Once you have imported your data, it is important to familiarize yourself with OpenRefine’s layout.

  1. In the top right corner there are three buttons:
    1. “Open…” returns you to the home screen where you can select projects.
    2. “Export” opens a dropdown menu of options to export your data.
    3. “Help” opens the OpenRefine User Documentation in a new tab in your browser.

  1. Below the bolded header stating how many rows/records there are two options:
    1. “Show as” allows you to change the grid view between rows and records. For more information on the difference between rows and records, see the explanation of Records and Rows below.
    2. “Show” allows you to change the number of rows/records visible in the grid view.

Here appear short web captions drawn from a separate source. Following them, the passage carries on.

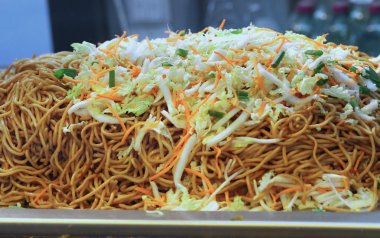 Self-Servis t satışında sebzeli İtalyan spagetti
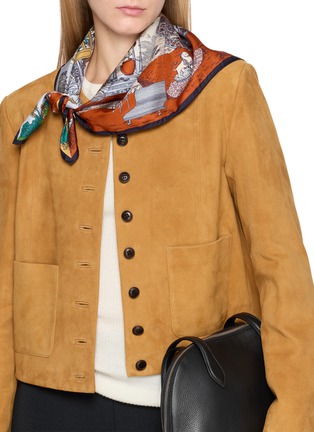 模特儿示范图 - 点击放大 - INOUI EDITIONS - Quatre Saisons Silk Square Scarf – Autumn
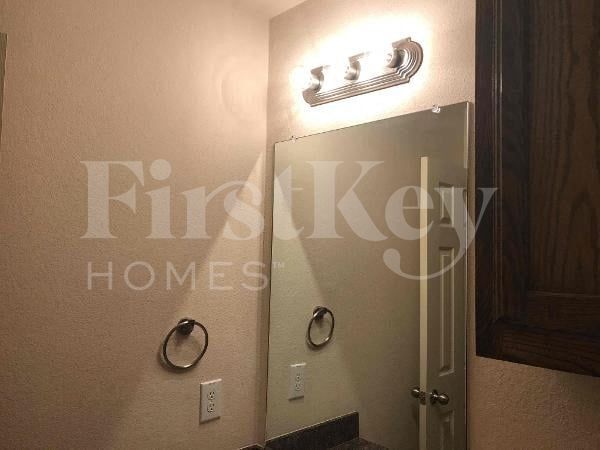 Building Photo - 1218 Jewel Ln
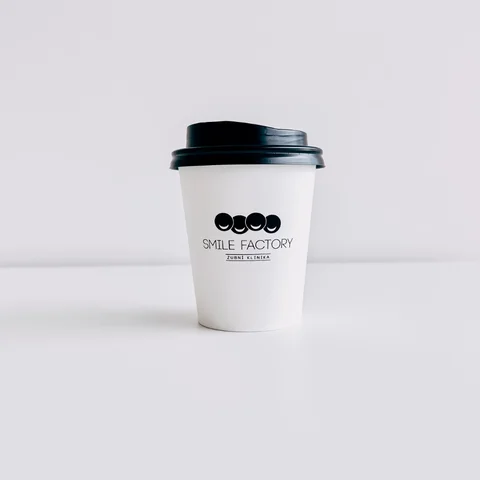 Smile factory | reference - kelímky s potiskem | takeawaycup.cz
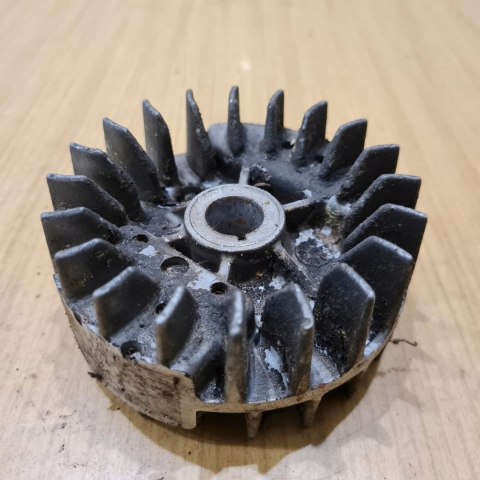 MCCULLOCH MD 320 AV MAGNETO KOŁO MAGNESOWE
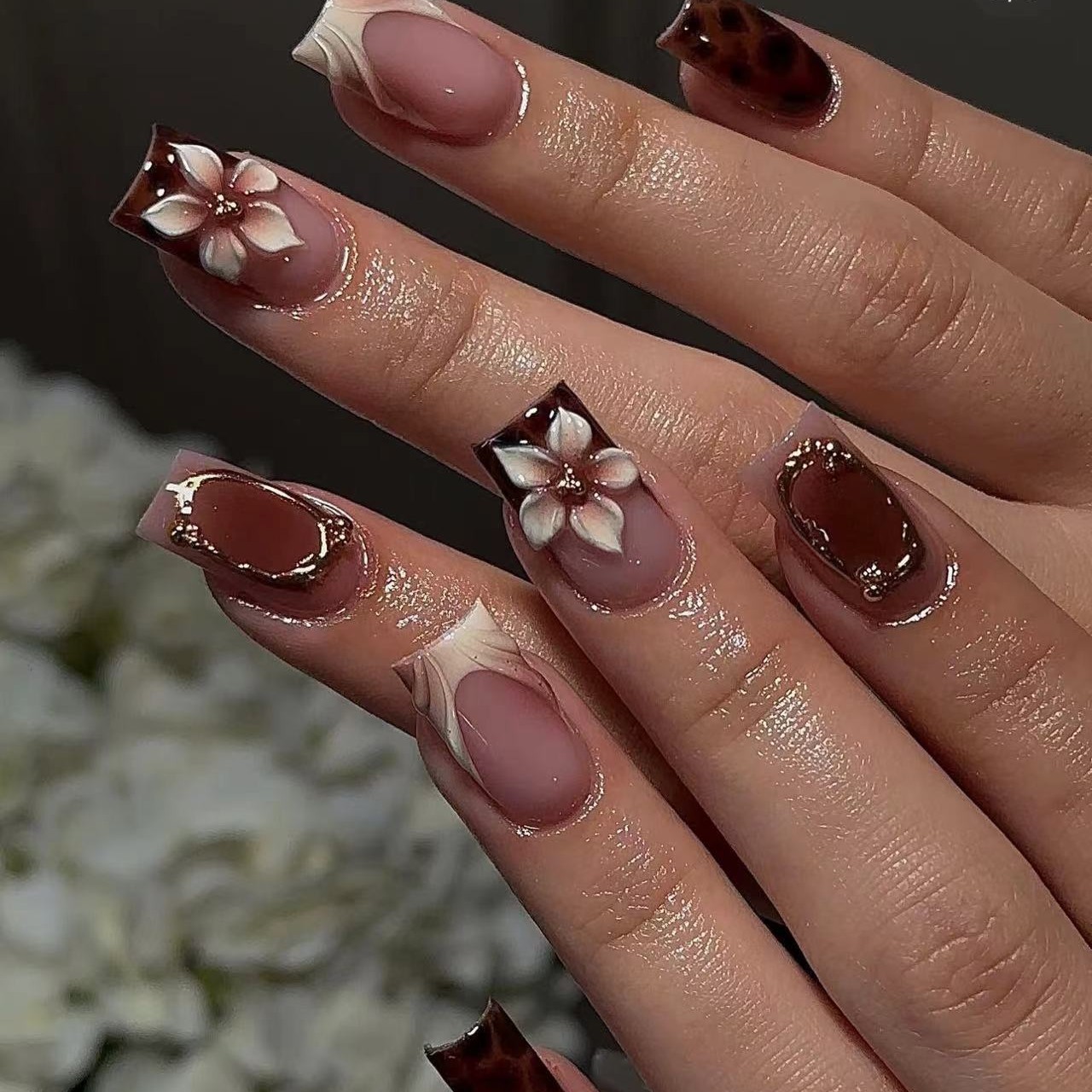 Short square fake nails for wo - Pressed Flower Art のレビューと価格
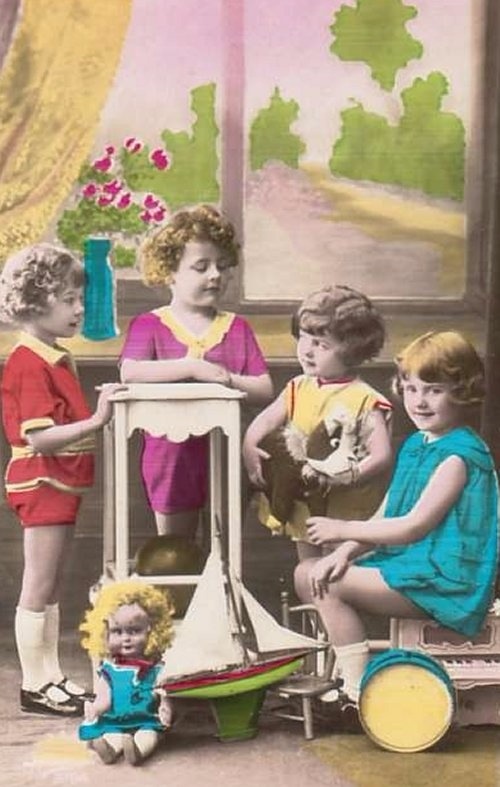 Старый фотоальбом. Девочки и куклы - продолжение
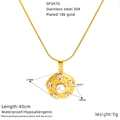 Dettaglio della collana in acciaio inossidabile placcato oro 18K con ciondolo di perle - Stile Grande Perla a Trama Martellata (SP347G)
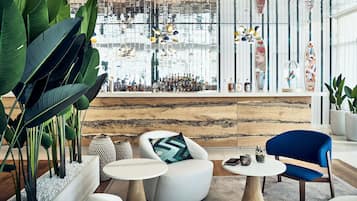 Cocktailbar, utsikt mot stranden, åpen hver dag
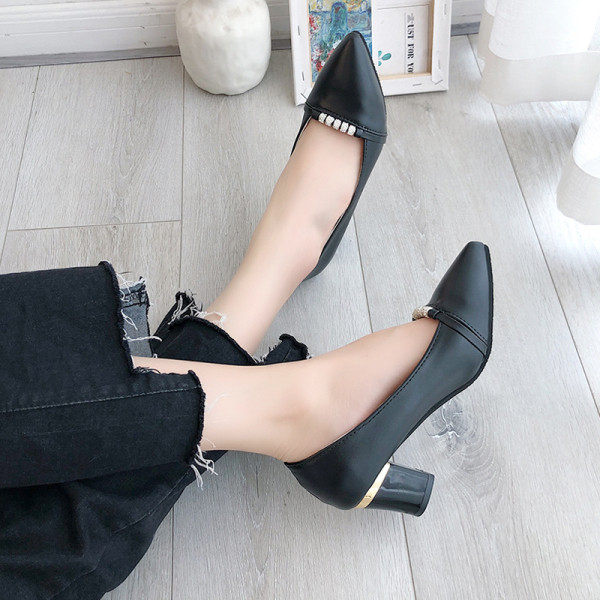 Női alkalmi cipő vastag sarkú fekete-fehér műbőrből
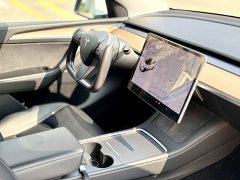 Tesla Model Y Standard Range Edition - ფოტო 10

  1. In the center of the page is your data in the grid view, which looks similar to Excel. Features of the grid view include:
    1. Column headings with dropdown arrows for chosing functions
    2. Row/Record numbers and alternate row/record shading
    3. Selectable flags and stars

  1. On the left, there is a pane with two tabs:
    1. “Facet/Filter” allows you to work on selected sections of your data, including faceting, clustering, and filtering.
    2. “Undo/Redo” tracks and stores your history, allows you to undo or redo transformations, and export a JSON file of your transformations.

Records and Rows

There are two settings for the grid view in OpenRefine: rows or records.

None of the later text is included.